= Not a Fiction =

Bangladeshi short film

Not a Fiction is a Bangladeshi short film produced, directed, and shot by Shah Newaz Khan Cju. The film is presented in a one-shot format and addresses the issue of extrajudicial killings.

== Plot ==
The film highlights the issue of an extrajudicial killing case. It reflects a grim reality that persists across the globe.

== Cast ==
The cast includes:

- Udoyon Rajib
- Naymul Alam Mishu
- Rudroneel Ahmed
- Oishik Sami Ahmed
- Zawad Soudho
- Mithun

== Production ==
The film was co-produced by Sadia Khalid Reeti, a film critic and FIPRESCI jury member at the Cannes Film Festival & executive produced by MD Asif. The sound design was handled by Ripon Nath and Rony Sazzad, with Rashaduzzaman Shohag in charge of color grading.
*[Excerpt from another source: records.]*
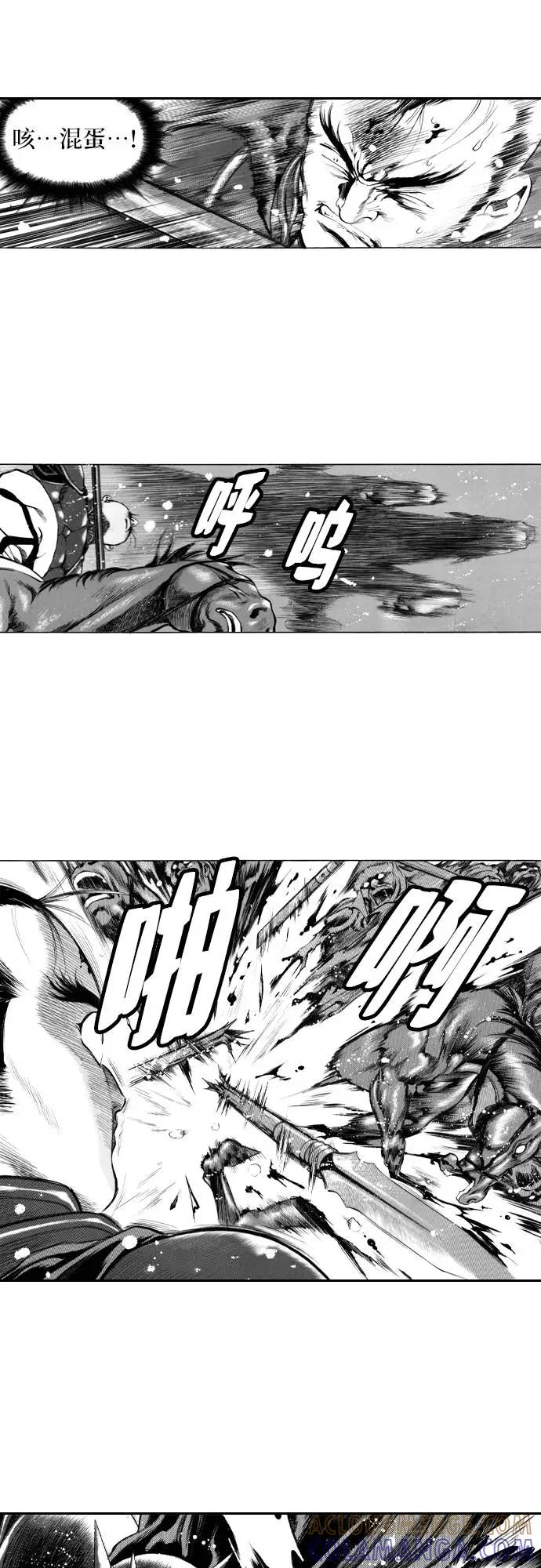 《龙飞不败》第102话 第13页
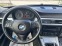 Обява за продажба на BMW 320 2.0i M-Paket GAZ-150kc КОЖА ~9 999 лв. - изображение 8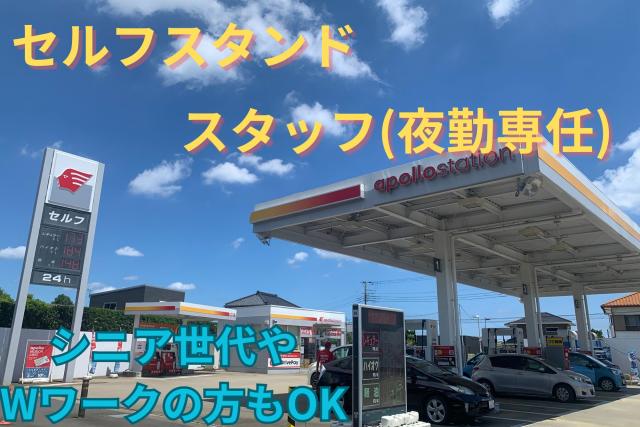 深夜帯に手が空いている方、私生活と両立しながら稼ぎませんか?
人気のセルフスタンドでのお仕事◎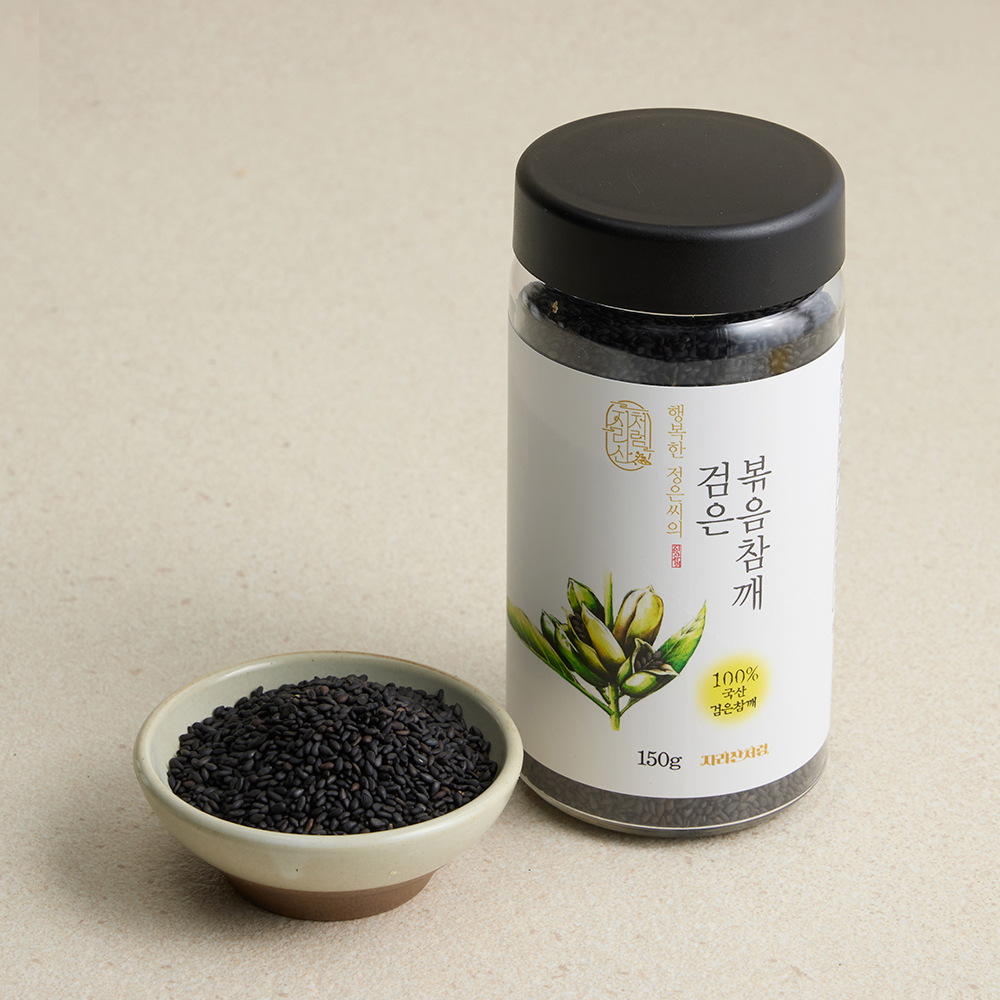 고소한 검은 볶음참깨 150g 국산 검은깨 흑임자 지리산처럼 - 상세 이미지 5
The editing team comprised Leon Rozario and Tanvir Ahmed Rony, assisted by Al Amin Sumon and MD Aman Khan.

== Release and screenings ==
Not a Fiction was selected for several film festivals, including:

- Hamilton Film Festival (Canada, 2023)
- Silver Wave Film Festival (Canada, 2023)
- 33rd Cinequest Film & VR Festival (California, 2024)
- 19th Tasveer Film Festival & Market (Seattle, Washington, 2024)
- 18th Beirut Shorts International Film Festival (Lebanon, 2024)
- Prague Film Festival (Czech Republic, 2025)

It was also screened at:

- Vienna International Film Awards (2024)
- 3rd AIU Kuwait International Film Festival (2024)
- Erie International Film Festival (USA, 2024)
- International Usak Short Film Festival (2024)
- Golden Bridge International Short Film Festival (Turkey, 2024)
- Serbest International Film Festival (Moldova, 2024)

The film was featured on the international OTT platform MUBI.